---- Extracted entries

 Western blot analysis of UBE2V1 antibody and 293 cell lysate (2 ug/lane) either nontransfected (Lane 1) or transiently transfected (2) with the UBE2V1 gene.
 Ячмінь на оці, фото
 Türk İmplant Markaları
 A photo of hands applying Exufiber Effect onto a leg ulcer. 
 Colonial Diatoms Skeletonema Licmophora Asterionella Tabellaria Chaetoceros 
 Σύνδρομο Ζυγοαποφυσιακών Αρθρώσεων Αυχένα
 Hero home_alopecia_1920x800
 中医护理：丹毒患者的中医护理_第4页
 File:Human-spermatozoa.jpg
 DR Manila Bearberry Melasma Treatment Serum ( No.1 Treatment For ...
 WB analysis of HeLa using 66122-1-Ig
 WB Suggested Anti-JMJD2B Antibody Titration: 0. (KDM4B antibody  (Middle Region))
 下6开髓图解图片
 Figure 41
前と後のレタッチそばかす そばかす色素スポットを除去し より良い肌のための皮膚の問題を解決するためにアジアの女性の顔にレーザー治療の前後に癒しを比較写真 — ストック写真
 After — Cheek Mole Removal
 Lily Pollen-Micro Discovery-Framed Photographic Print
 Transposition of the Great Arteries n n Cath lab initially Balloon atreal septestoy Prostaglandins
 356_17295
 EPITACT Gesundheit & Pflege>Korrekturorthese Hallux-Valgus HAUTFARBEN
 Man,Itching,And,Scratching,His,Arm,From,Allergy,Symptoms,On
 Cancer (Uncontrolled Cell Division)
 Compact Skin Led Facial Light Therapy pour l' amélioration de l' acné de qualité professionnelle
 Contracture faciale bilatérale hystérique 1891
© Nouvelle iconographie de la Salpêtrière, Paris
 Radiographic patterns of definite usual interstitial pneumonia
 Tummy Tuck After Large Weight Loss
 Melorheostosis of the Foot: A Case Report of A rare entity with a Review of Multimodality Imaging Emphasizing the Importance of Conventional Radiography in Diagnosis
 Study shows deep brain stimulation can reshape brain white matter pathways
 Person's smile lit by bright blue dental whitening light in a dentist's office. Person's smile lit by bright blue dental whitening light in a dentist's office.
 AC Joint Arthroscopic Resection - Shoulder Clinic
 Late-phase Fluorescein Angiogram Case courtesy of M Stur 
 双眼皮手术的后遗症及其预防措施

--------

Problem requirements: Set down the lines above as they stand, starting with the first line and ending with the line that contains "Lily Pollen-Micro Discovery-Framed".

Solution below:
 Western blot analysis of UBE2V1 antibody and 293 cell lysate (2 ug/lane) either nontransfected (Lane 1) or transiently transfected (2) with the UBE2V1 gene.
 Ячмінь на оці, фото
 Türk İmplant Markaları
 A photo of hands applying Exufiber Effect onto a leg ulcer. 
 Colonial Diatoms Skeletonema Licmophora Asterionella Tabellaria Chaetoceros 
 Σύνδρομο Ζυγοαποφυσιακών Αρθρώσεων Αυχένα
 Hero home_alopecia_1920x800
 中医护理：丹毒患者的中医护理_第4页
 File:Human-spermatozoa.jpg
 DR Manila Bearberry Melasma Treatment Serum ( No.1 Treatment For ...
 WB analysis of HeLa using 66122-1-Ig
 WB Suggested Anti-JMJD2B Antibody Titration: 0. (KDM4B antibody  (Middle Region))
 下6开髓图解图片
 Figure 41
前と後のレタッチそばかす そばかす色素スポットを除去し より良い肌のための皮膚の問題を解決するためにアジアの女性の顔にレーザー治療の前後に癒しを比較写真 — ストック写真
 After — Cheek Mole Removal
 Lily Pollen-Micro Discovery-Framed Photographic Print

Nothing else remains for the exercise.